Customers Snatch Up Nintendos Most Area Stores Already Sold Out Of New 64-Bit Game System
Hoping to get that new Nintendo game system under the tree for Christmas?
Don’t hold your breath.
Most Spokane and Coeur d’Alene stores sold out of the Nintendo N64 system and its new Super Mario game within minutes of their debut this week.
“Our Nintendo rep told us there would be a real shortage of them until after Christmas,” Elaine Ferguson, manager of Kmart’s electronics department in Coeur d’Alene, said Thursday. “I think that really stinks on Nintendo’s part. What kind of marketing strategy is that?”
Stores are issuing rain checks and taking customers’ names, but they are not promising the game will be delivered any time soon.
“We can’t even promise them by Christmas,” said an employee at Spokane’s Toys “R” Us. “We’re sold out.”
“We’re a victim of Nintendo,” said Joanne Anglin, a saleswoman at the Coeur d’Alene ShopKo. “We have the orders in, but they won’t fill them.”
The game’s in such short supply because of its popularity in Japan, where Nintendo’s parent company makes it, said Beth Llewelyn, public relations manager for the Redmond, Wash.-based company.
The N64 is the first 64-bit game system, which makes graphics more realistic and three-dimensional, she said.
“Mario can go anywhere - up, down, right, left, front, back,” Llewelyn said. “You could spend the whole game exploring and not even play.”
The system retails for $199.95, with each game costing an additional $69.95.

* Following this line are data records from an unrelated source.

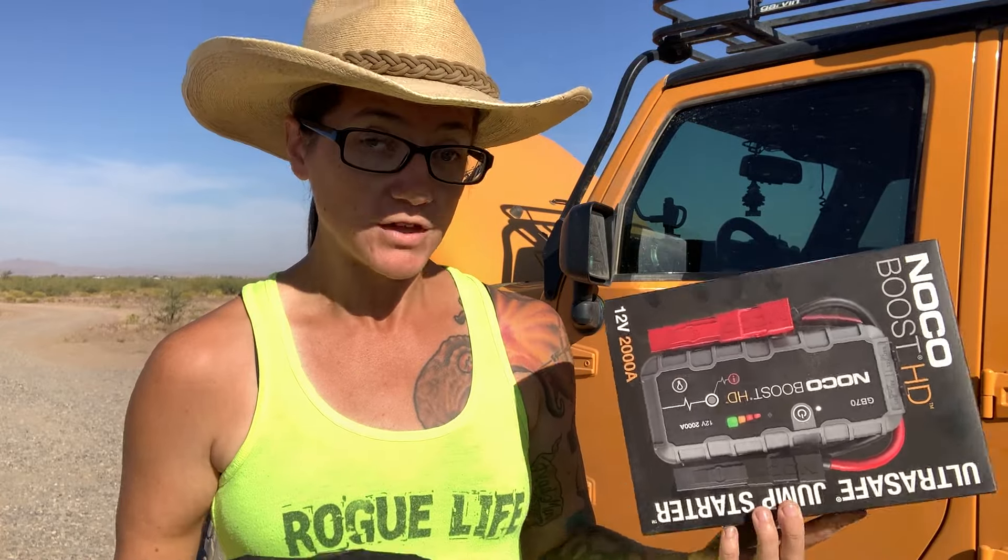The sizes vary when it comes to amperage. I've seen them at 500 amps. We have a 2000 amp, and they go even higher. But what you want to do is get one that's going to be good for your specific engine — and it'll usually say on the outside, like this says eight liter gas, six liter diesel. We're going to show you in just a second how to determine which one you're going to need.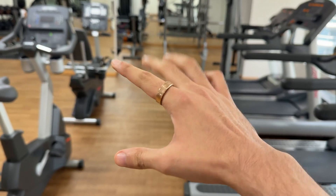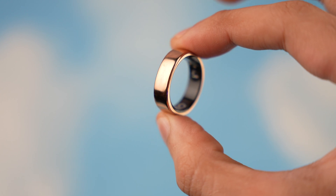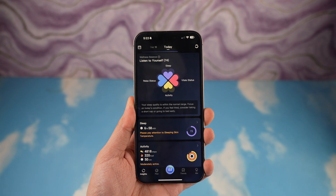I've been working out, swimming, and showering with this ring on my finger, and it is still looking pretty new with all that use — just like I took it out of the box.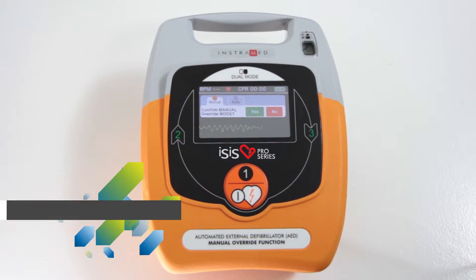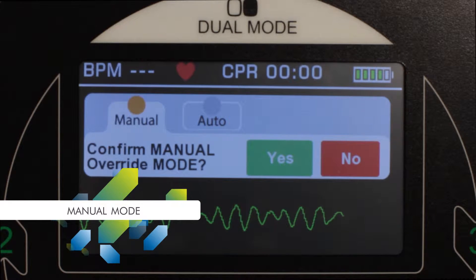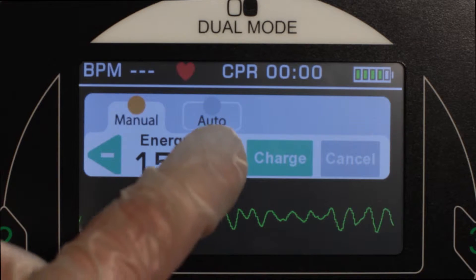When in manual mode, if the user has had the required training, they have only to press the corresponding button on the screen and select the desired charge up to 270 joules.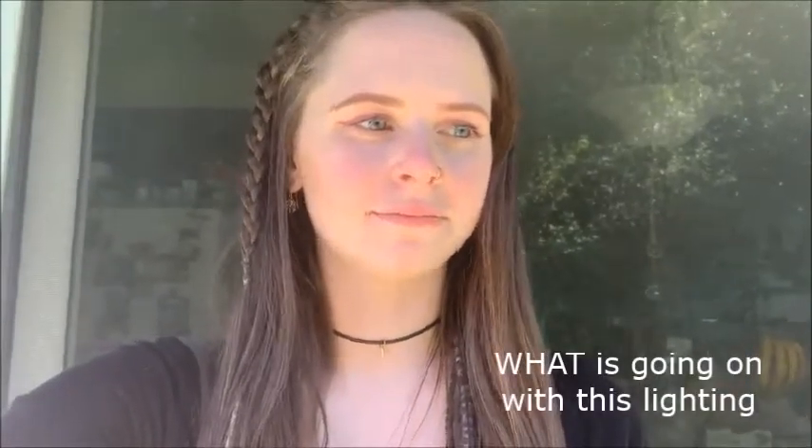Hey guys, welcome back. I know it's been a super long time since I've made another video, and sorry about the wait. Today I just wanted to make a video on how I wash my hair. If you've seen my previous videos, you know I have about 9 and a half, counting this one, partial dreadlocks. And I've had them for like four or five years, I think. And I've been meaning to put out this video on how I wash them in the shower for a long time.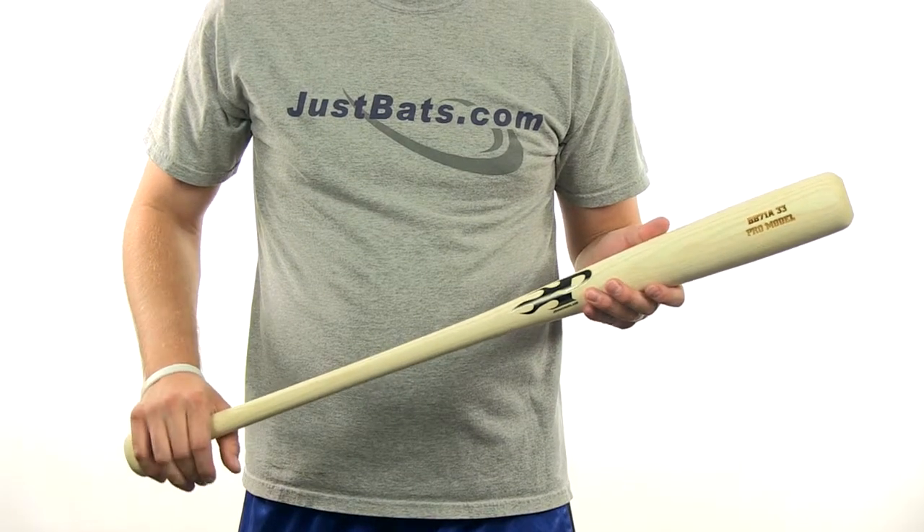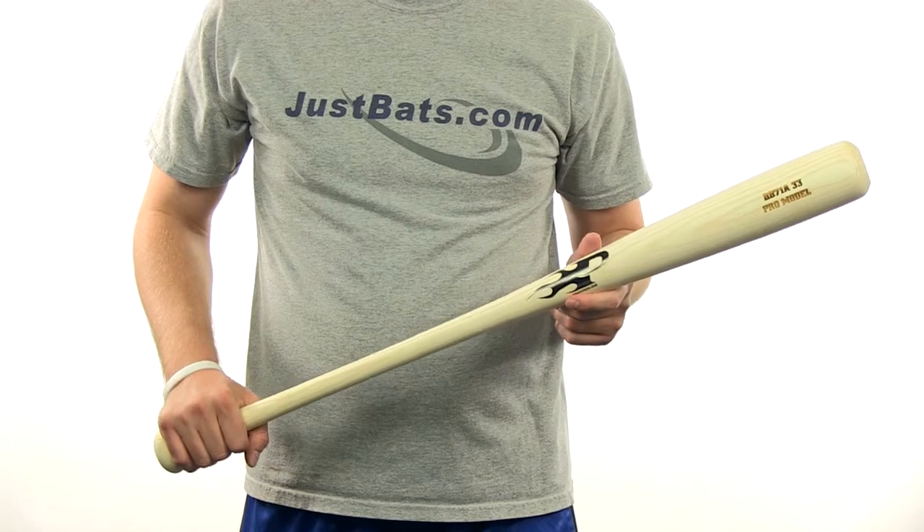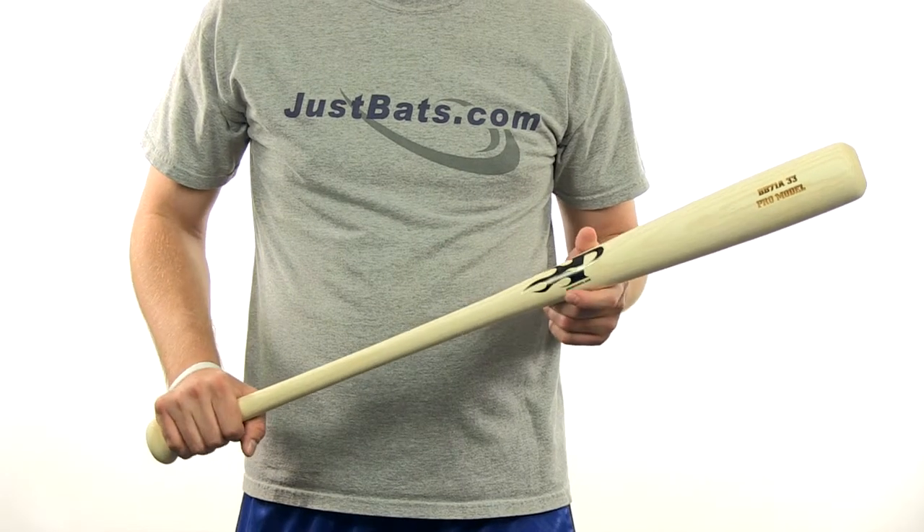This Ash model has a large knob and a Pro Cup 10 that has an approximately minus 3 length to weight ratio, and we always offer free shipping on all of our products. You can get yours at JustBats.com.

In Japan, a half-million copies of the system were sold in the first hour of sales, Llewelyn said. The game’s computer chip can be made only by one company, complicating any attempts to speed up production.
In this country, the first 350,000 systems sold out within three days of the official launch on Sunday. Because of that response, Nintendo has ordered more copies for its U.S. customers and expects to receive 350,000 more before Christmas, Llewelyn said.
But, she added, “they won’t all go to Spokane.”
If they did, it almost seems that Spokane and Coeur d’Alene shoppers would buy them all.
Frenzied Nintendo fans or their parents are scouring the region, searching for a game system that might have been missed on the bottom of the shelf.
“We sold all seven of them in seven minutes,” said an employee at the Target store on North Newport Highway. “I wasn’t here Sunday morning, thank goodness. We had 15 million calls.”
After selling nine systems on Sunday, Coeur d’Alene’s Target store received a shipment of 10 more Thursday. They quickly were gobbled up by the first 10 people - out of 40 - on the store’s waiting list, said employee Carline Centers.
Shoppers might have better luck renting the game at Blockbuster video stores - but not much. Though the video store chain is carrying between six and 10 of the game systems at each of its locations, most have been checked out since they arrived.
“The minute we put it on the shelf, someone else grabs it,” said District Manager Bob Kenna.